[Start of Attachment]

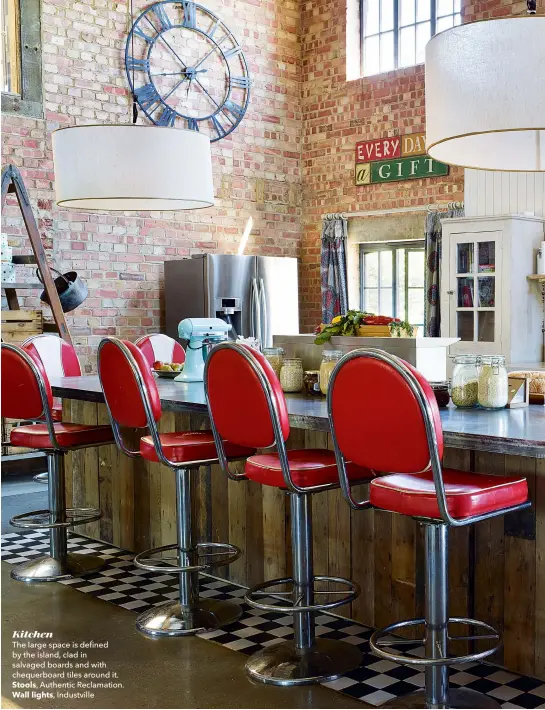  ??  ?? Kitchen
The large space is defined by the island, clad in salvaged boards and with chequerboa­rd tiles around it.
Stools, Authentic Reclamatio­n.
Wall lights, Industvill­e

[End of Attachment]
[Start of Attachment]

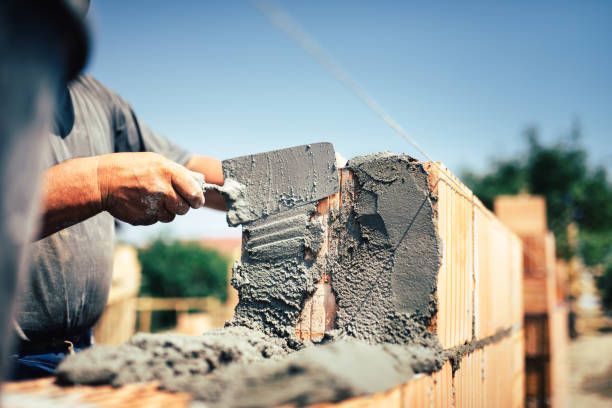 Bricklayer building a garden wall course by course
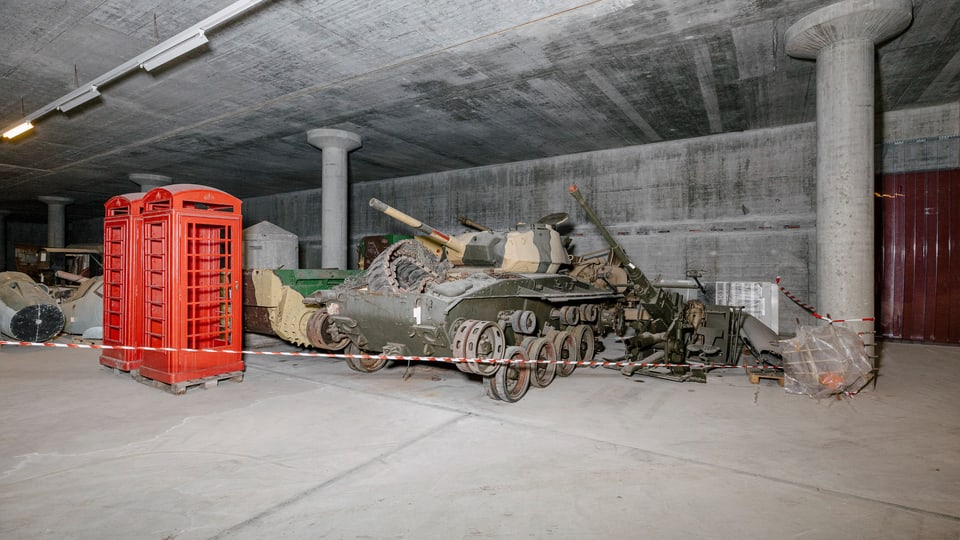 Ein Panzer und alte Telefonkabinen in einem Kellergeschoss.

[End of Attachment]

Reproduce, exactly and only, the lines of the records above starting at the line with "Bricklayer building a" and ending at the line with "Ein Panzer und", both included. Leave every picture out.

 Bricklayer building a garden wall course by course
 Ein Panzer und alte Telefonkabinen in einem Kellergeschoss.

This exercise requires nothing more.